Re: [PATCH] time/tick-broadcast: Fix tick_broadcast_offline() lockdep complaint

From: Paul E. McKenney
Date: Fri May 31 2019 - 09:46:50 EST


On Fri, May 31, 2019 at 03:36:40AM +0200, Frederic Weisbecker wrote:
> On Thu, May 30, 2019 at 05:58:09AM -0700, Paul E. McKenney wrote:
> > It turns out that tick_broadcast_offline() was an innocent bystander.
> > After all, interrupts are supposed to be disabled throughout
> > take_cpu_down(), and therefore should have been disabled upon entry to
> > tick_offline_cpu() and thus to tick_broadcast_offline(). This suggests
> > that one of the CPU-hotplug notifiers was incorrectly enabling interrupts,
> > and leaving them enabled on return.
> >
> > Some debugging code showed that the culprit was sched_cpu_dying().
> > It had irqs enabled after return from sched_tick_stop(). Which in turn
> > had irqs enabled after return from cancel_delayed_work_sync(). Which is a
> > wrapper around __cancel_work_timer(). Which can sleep in the case where
> > something else is concurrently trying to cancel the same delayed work,
> > and as Thomas Gleixner pointed out on IRC, sleeping is a decidedly bad
> > idea when you are invoked from take_cpu_down(), regardless of the state
> > you leave interrupts in upon return.
>
> Nice catch! Sorry for leaving that puzzle behind.

Heh! I needed the break from trying to make RCU do unnatural acts. ;-)

> > Code inspection located no reason why the delayed work absolutely
> > needed to be canceled from sched_tick_stop(): The work is not
> > bound to the outgoing CPU by design, given that the whole point is
> > to collect statistics without disturbing the outgoing CPU.
> >
> > This commit therefore simply drops the cancel_delayed_work_sync() from
> > sched_tick_stop(). Instead, a new ->state field is added to the tick_work
> > structure so that the delayed-work handler function sched_tick_remote()
> > can avoid reposting itself. A cpu_is_offline() check is also added to
> > sched_tick_remote() to avoid mucking with the state of an offlined CPU
> > (though it does appear safe to do so).
>
> I can't guarantee that it is safe myself to call the tick of an offline
> CPU. Better have that check indeed.

No argument, especially given that this preserved the current behavior
exactly.

But it looked to me that all of the code was running on some other online
CPU and was accessing data that would be left around in good state on
the offline CPU. And the current behavior won't account for activity
just prior to the CPU going offline until it comes back online (right?),
so there might be some incentive to let the last call to sched_tick_remote()
do the accounting. Might not be a big deal, though.

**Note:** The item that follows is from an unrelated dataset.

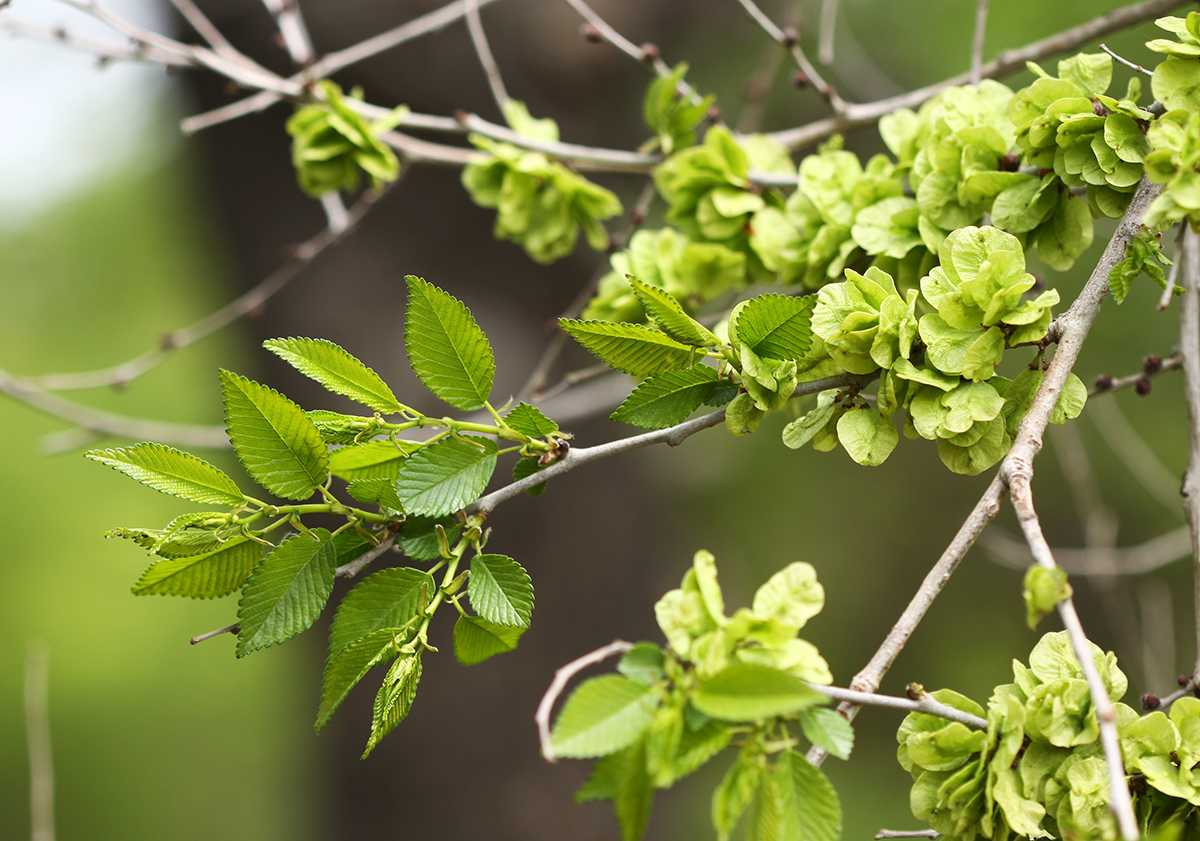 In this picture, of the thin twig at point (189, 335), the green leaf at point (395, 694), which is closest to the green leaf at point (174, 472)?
the green leaf at point (395, 694)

> > diff --git a/kernel/sched/core.c b/kernel/sched/core.c
> > index 102dfcf0a29a..9a10ee9afcbf 100644
> > --- a/kernel/sched/core.c
> > +++ b/kernel/sched/core.c
> > @@ -3050,14 +3050,44 @@ void scheduler_tick(void)
> >
> > struct tick_work {
> > int cpu;
> > + int state;
> > struct delayed_work work;
> > };
> > +// Values for ->state, see diagram below.
> > +#define TICK_SCHED_REMOTE_IDLE 0
>
> So it took me some time to understand that the IDLE state is the
> tick work that ackowledged OFFLINING and finally completes the
> offline process. Therefore perhaps we can rename it to
> TICK_SCHED_REMOTE_OFFLINE so that we instantly get the state
> machine scenario.

Good point, your name is much better. Updated.

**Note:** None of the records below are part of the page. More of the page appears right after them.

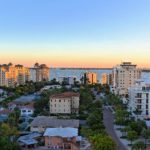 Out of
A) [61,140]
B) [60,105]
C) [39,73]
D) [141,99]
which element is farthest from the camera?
[39,73]

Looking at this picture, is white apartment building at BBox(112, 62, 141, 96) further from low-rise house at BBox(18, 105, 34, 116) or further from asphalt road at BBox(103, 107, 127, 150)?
low-rise house at BBox(18, 105, 34, 116)

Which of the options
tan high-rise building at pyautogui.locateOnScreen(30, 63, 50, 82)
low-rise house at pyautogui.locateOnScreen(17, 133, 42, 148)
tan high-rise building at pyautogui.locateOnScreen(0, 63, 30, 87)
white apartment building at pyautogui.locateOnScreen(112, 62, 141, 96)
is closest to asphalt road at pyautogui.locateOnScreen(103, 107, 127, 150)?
low-rise house at pyautogui.locateOnScreen(17, 133, 42, 148)

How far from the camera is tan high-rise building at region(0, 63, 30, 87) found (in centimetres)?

> > +#define TICK_SCHED_REMOTE_RUNNING 1
> > +#define TICK_SCHED_REMOTE_OFFLINING 2
> > +
> > +// State diagram for ->state:
> > +//
> > +//
> > +// +----->IDLE-----------------------------+
> > +// | |
> > +// | |
> > +// | | sched_tick_start()
> > +// | sched_tick_remote() |
> > +// | |
> > +// | V
> > +// | +---------->RUNNING
> > +// | | |
> > +// | | |
> > +// | | |
> > +// | sched_tick_start() | | sched_tick_stop()
> > +// | | |
> > +// | | |
> > +// | | |
> > +// +--------------------OFFLINING<---------+
> > +//
> > +//
> > +// Other transitions get WARN_ON_ONCE(), except that sched_tick_remote()
> > +// and sched_tick_start() are happy to leave the state in RUNNING.
> >
> > static struct tick_work __percpu *tick_work_cpu;
> >
> > static void sched_tick_remote(struct work_struct *work)
> > {
> > struct delayed_work *dwork = to_delayed_work(work);
> > + int os;
> > struct tick_work *twork = container_of(dwork, struct tick_work, work);
> > int cpu = twork->cpu;
> > struct rq *rq = cpu_rq(cpu);
> > @@ -3077,7 +3107,7 @@ static void sched_tick_remote(struct work_struct *work)
> >
> > rq_lock_irq(rq, &rf);
> > curr = rq->curr;
> > - if (is_idle_task(curr))
> > + if (is_idle_task(curr) || cpu_is_offline(cpu))
>
> Or we could simply check rq->online, while we have rq locked.

Which would have better cache locality as well.

Let's see... This is cleared from the same sched_cpu_dying() that invokes
sched_tick_stop(), so that works. Where is it set? In set_rq_online(),
of course, which is invoked from sched_cpu_activate() which is assigned
to .startup.single, which sadly not the CPU-online counterpart to
sched_cpu_dying(). This would result in the workqueue being started
quite some time before its handler would allow itself to sample the state,
and would also thus be a deviation from earlier behavior.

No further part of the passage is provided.